Dat lijkt onwaarschijnlijk. Sterker, het klopt niet. Want er is al het onderzoek dat er op wijst dat het hebben van hechte contacten met je eigen groep helemaal niet gepaard gaat met meer afstandelijkheid tot andere groepen.
Ik stond daarbij stil in dit bericht, waarin het ging om het overzicht dat Marilynn Brewer gaf van dat onderzoek. Mensen hebben wel de neiging om hun eigen groep positief te beoordelen, maar het is niet zo dat dat samenhangt met negatieve oordelen over andere groepen. Gehechtheid aan de eigen groep staat niet gelijk aan vijandigheid tegenover andere groepen.

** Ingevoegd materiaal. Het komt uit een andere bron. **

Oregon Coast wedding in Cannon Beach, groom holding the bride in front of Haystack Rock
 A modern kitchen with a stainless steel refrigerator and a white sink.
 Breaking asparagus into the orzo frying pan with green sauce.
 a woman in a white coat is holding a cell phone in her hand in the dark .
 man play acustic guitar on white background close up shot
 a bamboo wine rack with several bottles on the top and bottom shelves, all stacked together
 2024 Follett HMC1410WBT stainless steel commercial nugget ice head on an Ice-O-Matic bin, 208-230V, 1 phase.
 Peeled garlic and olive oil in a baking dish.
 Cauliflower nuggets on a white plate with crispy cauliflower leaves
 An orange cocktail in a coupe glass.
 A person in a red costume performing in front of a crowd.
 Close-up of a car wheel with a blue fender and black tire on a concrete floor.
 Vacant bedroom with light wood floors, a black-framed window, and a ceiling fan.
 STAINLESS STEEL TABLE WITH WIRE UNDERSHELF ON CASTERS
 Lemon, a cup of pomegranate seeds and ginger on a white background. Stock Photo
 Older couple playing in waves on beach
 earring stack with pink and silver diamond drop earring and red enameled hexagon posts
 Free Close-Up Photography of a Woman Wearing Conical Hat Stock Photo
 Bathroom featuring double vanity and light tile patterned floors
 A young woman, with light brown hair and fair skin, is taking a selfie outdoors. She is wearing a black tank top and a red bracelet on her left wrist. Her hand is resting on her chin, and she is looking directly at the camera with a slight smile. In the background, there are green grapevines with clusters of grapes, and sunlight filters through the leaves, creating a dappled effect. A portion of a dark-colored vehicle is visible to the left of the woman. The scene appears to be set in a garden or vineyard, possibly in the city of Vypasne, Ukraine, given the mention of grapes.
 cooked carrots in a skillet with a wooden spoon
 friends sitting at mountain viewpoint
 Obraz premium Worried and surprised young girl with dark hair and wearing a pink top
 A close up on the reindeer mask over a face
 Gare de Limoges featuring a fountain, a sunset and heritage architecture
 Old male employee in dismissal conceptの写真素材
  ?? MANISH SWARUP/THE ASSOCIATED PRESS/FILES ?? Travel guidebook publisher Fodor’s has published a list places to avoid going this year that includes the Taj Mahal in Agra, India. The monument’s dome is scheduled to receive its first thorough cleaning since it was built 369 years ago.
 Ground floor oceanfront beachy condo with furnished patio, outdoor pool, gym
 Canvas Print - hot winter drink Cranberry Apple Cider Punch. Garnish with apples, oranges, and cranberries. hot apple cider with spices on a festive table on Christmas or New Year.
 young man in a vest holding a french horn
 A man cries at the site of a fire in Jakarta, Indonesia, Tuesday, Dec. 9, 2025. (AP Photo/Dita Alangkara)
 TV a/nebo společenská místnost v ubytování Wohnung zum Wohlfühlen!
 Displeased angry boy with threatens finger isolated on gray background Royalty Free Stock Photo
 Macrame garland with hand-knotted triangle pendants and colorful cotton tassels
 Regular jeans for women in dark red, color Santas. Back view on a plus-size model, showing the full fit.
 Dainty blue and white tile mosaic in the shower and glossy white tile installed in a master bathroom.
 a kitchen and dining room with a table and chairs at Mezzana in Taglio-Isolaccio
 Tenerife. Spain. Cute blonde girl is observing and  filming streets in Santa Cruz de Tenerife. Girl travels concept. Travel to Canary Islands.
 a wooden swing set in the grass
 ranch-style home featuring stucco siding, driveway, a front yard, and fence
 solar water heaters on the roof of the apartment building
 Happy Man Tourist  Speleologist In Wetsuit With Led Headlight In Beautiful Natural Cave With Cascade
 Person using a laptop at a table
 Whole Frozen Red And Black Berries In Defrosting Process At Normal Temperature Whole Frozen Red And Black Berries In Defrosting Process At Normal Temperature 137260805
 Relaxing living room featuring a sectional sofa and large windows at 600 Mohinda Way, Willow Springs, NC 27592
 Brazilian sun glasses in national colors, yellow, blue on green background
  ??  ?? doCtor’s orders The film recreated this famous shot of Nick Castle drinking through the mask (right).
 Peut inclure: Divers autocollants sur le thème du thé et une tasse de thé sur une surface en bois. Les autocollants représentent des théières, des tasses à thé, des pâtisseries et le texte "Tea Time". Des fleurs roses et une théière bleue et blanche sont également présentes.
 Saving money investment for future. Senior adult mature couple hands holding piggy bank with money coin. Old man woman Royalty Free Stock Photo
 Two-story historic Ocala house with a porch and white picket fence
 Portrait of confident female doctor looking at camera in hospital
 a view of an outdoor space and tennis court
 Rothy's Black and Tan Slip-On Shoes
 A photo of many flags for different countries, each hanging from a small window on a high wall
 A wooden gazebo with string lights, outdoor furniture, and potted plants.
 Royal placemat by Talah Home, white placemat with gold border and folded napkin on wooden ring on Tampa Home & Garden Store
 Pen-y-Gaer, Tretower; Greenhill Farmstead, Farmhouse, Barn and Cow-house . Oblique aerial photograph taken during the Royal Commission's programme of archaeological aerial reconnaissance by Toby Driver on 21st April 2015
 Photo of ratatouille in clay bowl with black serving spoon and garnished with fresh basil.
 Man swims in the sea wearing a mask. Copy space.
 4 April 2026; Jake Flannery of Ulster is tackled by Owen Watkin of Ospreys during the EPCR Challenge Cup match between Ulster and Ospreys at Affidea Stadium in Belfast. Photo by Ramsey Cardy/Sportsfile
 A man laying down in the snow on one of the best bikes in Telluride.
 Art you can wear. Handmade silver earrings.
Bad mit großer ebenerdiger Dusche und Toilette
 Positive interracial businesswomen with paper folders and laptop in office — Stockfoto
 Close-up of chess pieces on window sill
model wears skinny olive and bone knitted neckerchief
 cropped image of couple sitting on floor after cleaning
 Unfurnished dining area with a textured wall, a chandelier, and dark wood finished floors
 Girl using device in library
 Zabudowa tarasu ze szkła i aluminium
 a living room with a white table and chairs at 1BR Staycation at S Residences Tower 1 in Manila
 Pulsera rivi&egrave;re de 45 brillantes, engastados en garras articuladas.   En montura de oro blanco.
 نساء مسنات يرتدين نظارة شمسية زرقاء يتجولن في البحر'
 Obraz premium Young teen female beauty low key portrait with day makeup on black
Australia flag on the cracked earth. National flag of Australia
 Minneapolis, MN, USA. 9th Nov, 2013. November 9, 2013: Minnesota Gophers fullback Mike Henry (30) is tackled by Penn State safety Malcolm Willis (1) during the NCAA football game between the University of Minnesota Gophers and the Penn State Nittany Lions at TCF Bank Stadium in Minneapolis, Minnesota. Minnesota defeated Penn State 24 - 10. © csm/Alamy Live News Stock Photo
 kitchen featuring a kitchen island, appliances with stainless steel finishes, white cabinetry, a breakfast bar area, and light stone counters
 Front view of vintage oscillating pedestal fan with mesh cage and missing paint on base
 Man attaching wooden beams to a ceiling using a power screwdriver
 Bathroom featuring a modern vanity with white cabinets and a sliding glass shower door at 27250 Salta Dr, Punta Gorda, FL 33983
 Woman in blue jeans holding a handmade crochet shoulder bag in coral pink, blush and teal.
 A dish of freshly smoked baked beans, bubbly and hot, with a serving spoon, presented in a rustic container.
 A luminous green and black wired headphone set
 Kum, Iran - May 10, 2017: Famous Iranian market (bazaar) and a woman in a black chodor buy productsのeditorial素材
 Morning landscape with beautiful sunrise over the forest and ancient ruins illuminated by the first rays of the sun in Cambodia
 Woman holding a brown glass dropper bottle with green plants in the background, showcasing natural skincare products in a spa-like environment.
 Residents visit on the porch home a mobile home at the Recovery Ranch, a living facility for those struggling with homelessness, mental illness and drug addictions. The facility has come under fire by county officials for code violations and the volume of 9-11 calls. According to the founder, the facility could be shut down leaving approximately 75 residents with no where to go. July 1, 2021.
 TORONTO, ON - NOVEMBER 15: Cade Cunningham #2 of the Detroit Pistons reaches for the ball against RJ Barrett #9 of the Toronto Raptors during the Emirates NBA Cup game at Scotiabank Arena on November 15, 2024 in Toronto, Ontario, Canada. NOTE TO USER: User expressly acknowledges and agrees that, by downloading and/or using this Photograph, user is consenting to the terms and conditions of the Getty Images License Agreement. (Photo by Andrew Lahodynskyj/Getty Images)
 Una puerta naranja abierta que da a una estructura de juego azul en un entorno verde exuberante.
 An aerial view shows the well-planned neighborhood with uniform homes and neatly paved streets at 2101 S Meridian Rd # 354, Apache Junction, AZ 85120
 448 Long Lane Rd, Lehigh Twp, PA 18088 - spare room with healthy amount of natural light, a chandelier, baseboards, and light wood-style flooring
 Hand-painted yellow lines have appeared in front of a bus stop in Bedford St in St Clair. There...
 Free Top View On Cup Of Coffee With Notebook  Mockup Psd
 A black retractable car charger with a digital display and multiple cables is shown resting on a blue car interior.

Die vijandigheid is er uitsluitend als daar redenen voor zijn, echte of vermeende redenen. Dus als er aanleidingen zijn om een andere groep als een bedreiging te zien. Maar die bedreigingen hebben dan ook een oorzaak: ze zijn echt of ze worden kunstmatig aangewakkerd. Marilynn Brewer over dat laatste:
When groups are political entities, however, these processes may be exacerbated by group leaders’ deliberate manipulations to mobilize collective action to secure or maintain political power. Social category differentiation provides the fault lines in any social system that can be exploited for political purposes.En dat komt natuurlijk bekend voor, in deze tijd van opkomend rechts-extremisme.
Politici kunnen er belang bij hebben om mensen tegen elkaar op te zetten. En door meer bestaansonzekerheid kunnen maatschappelijke tegenstellingen worden aangewakkerd Maar het is dus niet zo dat sociale samenhang binnen de eigen groep automatisch leidt tot tegenstellingen tussen groepen.
Anders gezegd, dat gemeenschapsevenwicht is gewoon nastrevenswaardig: hoe meer gemeenschapsgedrag, hoe beter.